• YOUR OBJECTIVE:
Everything in the entries below must be output exactly, apart from the pictures.
|---|
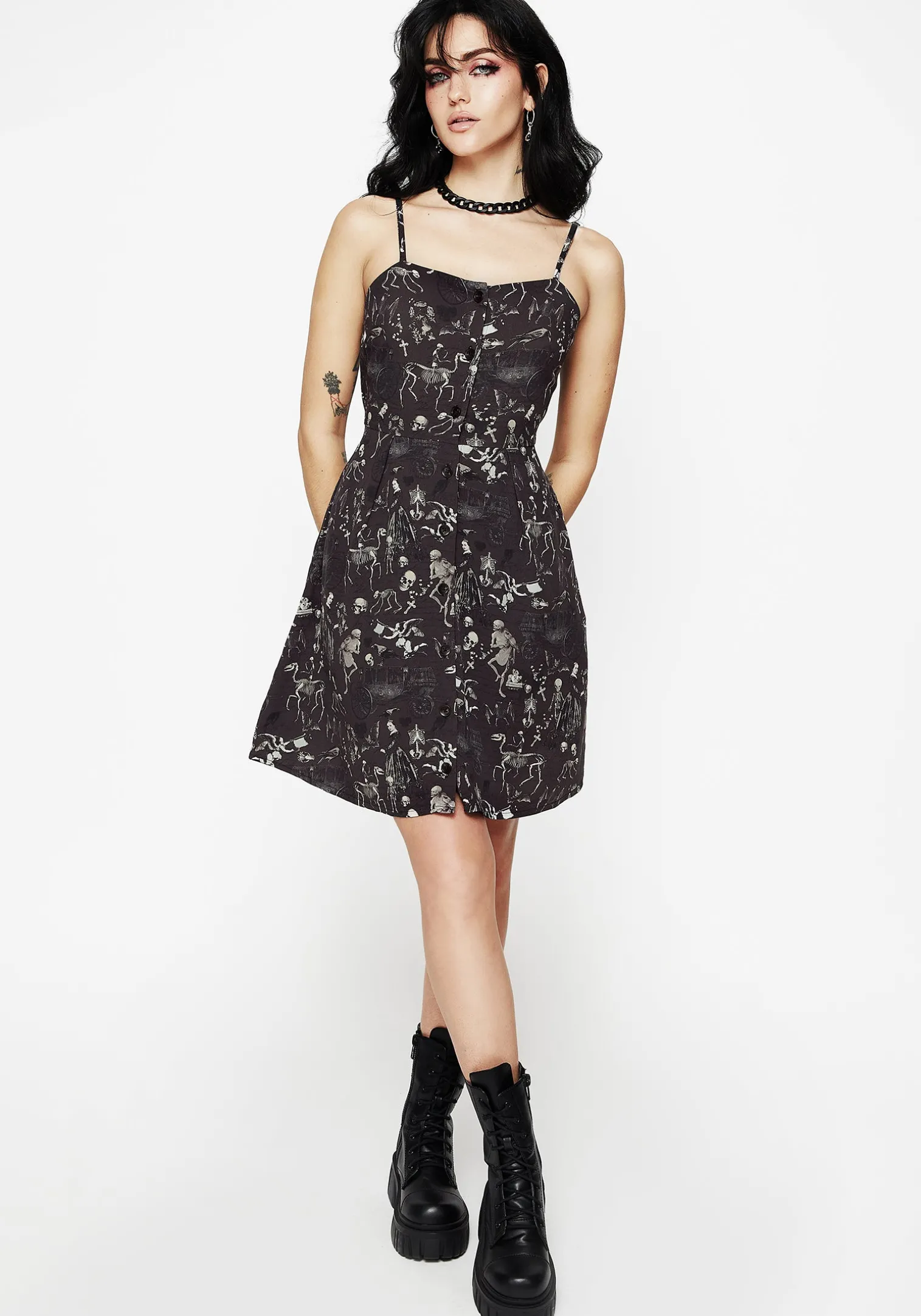 Melancholia Button Up Mini Apron Dress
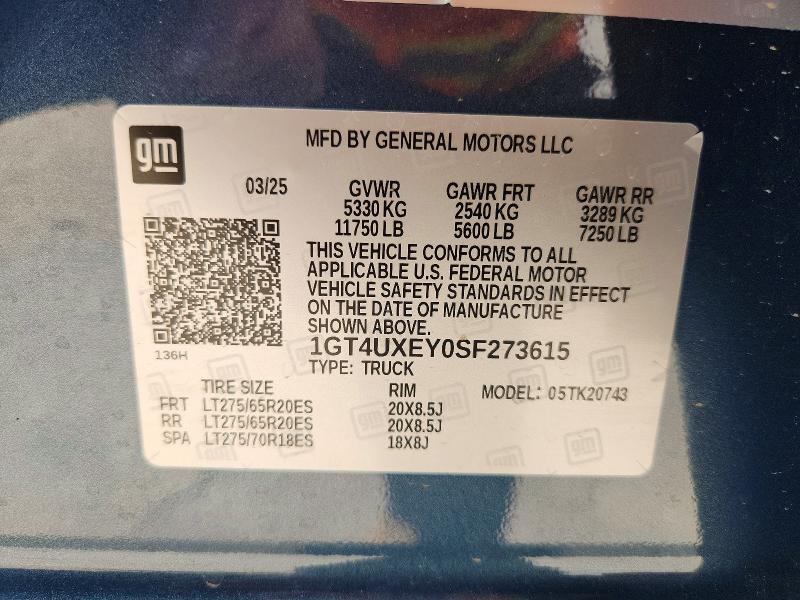 2025 Gmc Sierra მანქანა იყიდება აუქციონზე, vin: 1GT4UXEY0SF273615, აუქციონის ნომერი: 61488586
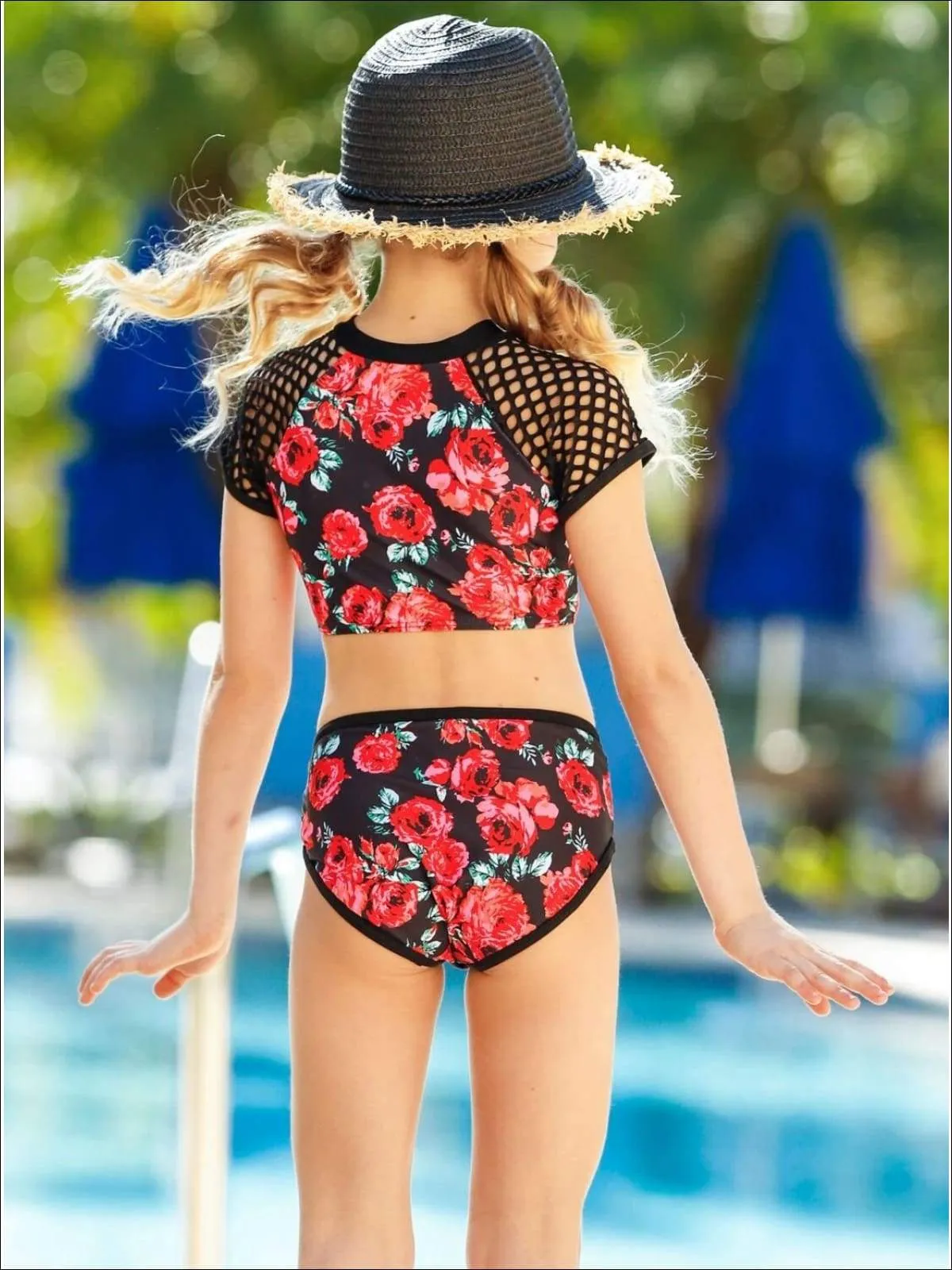 Girls Blossoming Beauty Three Piece Swimsuit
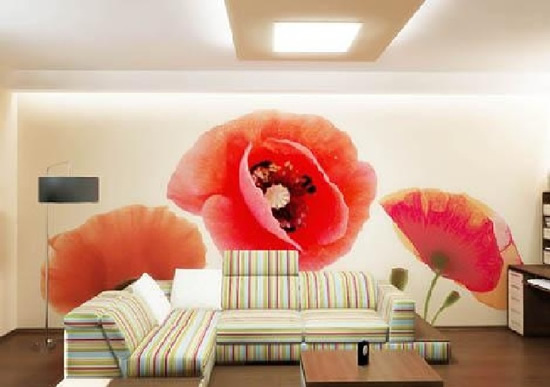 Текстура 'Песок' в интерьере гостиной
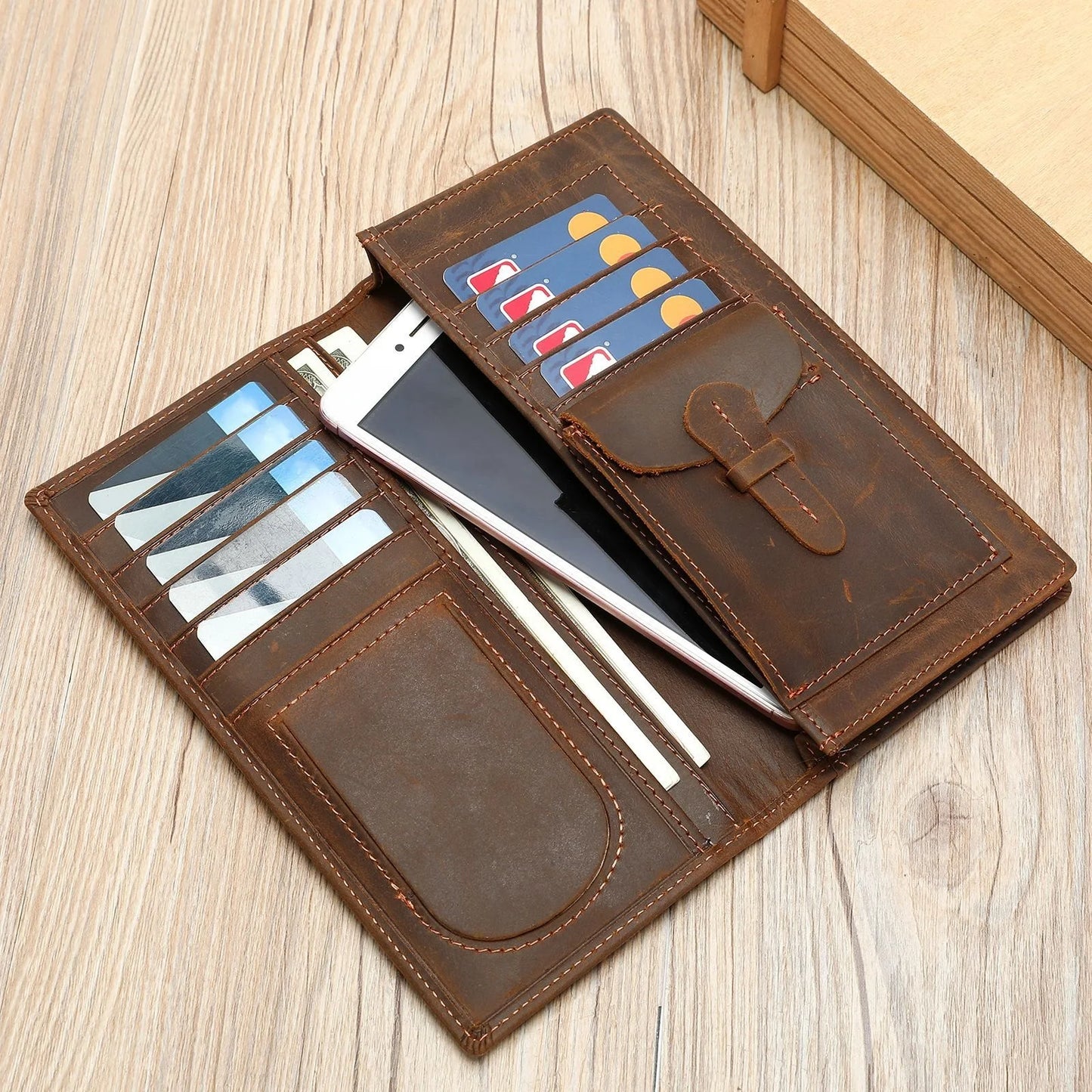 Unisex Geldbörse Clutch Mit RFID-Schutz Und Mehrfachen Kartenfächern Aus Echtem Leder Mit Telefonfach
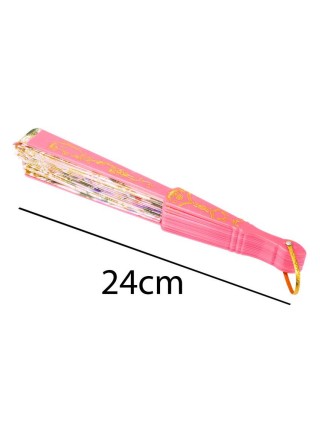 Віяло-плі складане Gola Квіти Тканина Пластик 24 см Рожеве (27128)
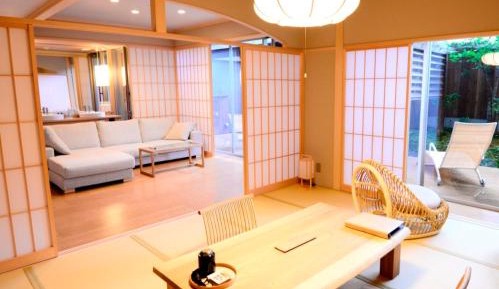 Japanese-Style Room and Twin Room with Open-Air Bath and Foot Bath-(JOH)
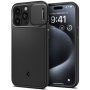 Spigen Optik Armor MagFit otporna maska sa pomičnim poklopcem za kameru i MagSafe za iPhone 15 Pro Max - crni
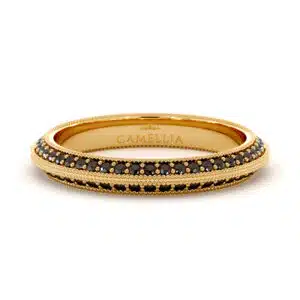 Full Eternity 14k Yellow Gold Natural Black Diamonds Ring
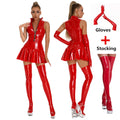 Tenue sexy latex vinyle simili ensemble robe gants et bas BCM - GUAPPAA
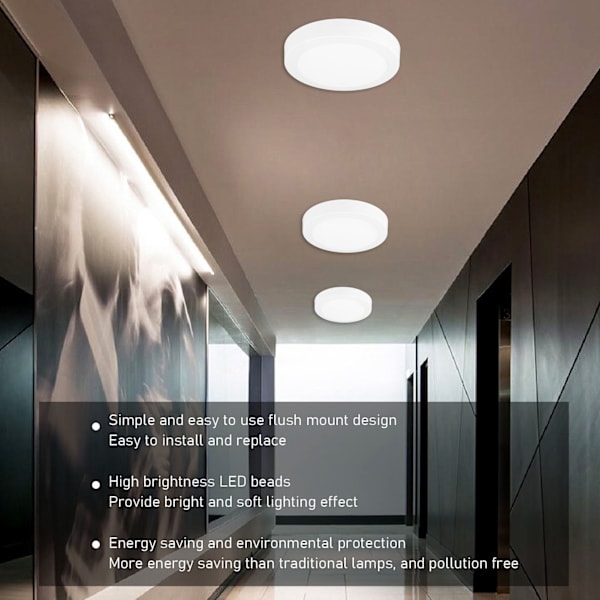 LED Flush Mount Taklampe 18W 6000K Hvitt Lys Ultra Tynn Rund Flat Panel Taklampe for Gang 85‑265V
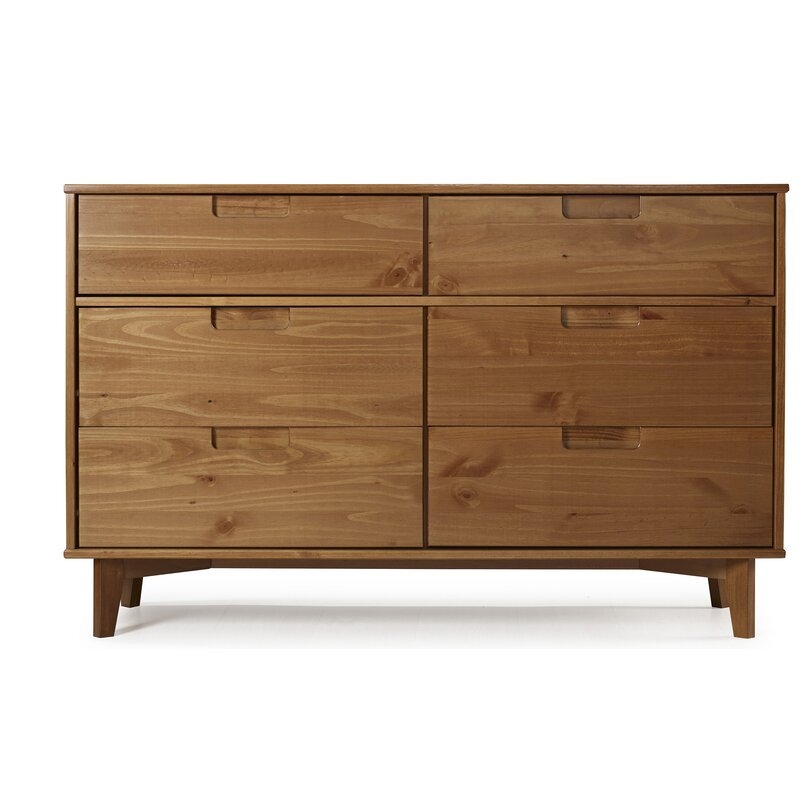 Caramel Cecille Groove 6 Drawer Double Dresser - Image 4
|---|
• RESPONSE AREA:
 Melancholia Button Up Mini Apron Dress
 2025 Gmc Sierra მანქანა იყიდება აუქციონზე, vin: 1GT4UXEY0SF273615, აუქციონის ნომერი: 61488586
 Girls Blossoming Beauty Three Piece Swimsuit
 Текстура 'Песок' в интерьере гостиной
 Unisex Geldbörse Clutch Mit RFID-Schutz Und Mehrfachen Kartenfächern Aus Echtem Leder Mit Telefonfach
 Віяло-плі складане Gola Квіти Тканина Пластик 24 см Рожеве (27128)
 Japanese-Style Room and Twin Room with Open-Air Bath and Foot Bath-(JOH)
 Spigen Optik Armor MagFit otporna maska sa pomičnim poklopcem za kameru i MagSafe za iPhone 15 Pro Max - crni
 Full Eternity 14k Yellow Gold Natural Black Diamonds Ring
 Tenue sexy latex vinyle simili ensemble robe gants et bas BCM - GUAPPAA
 LED Flush Mount Taklampe 18W 6000K Hvitt Lys Ultra Tynn Rund Flat Panel Taklampe for Gang 85‑265V
 Caramel Cecille Groove 6 Drawer Double Dresser - Image 4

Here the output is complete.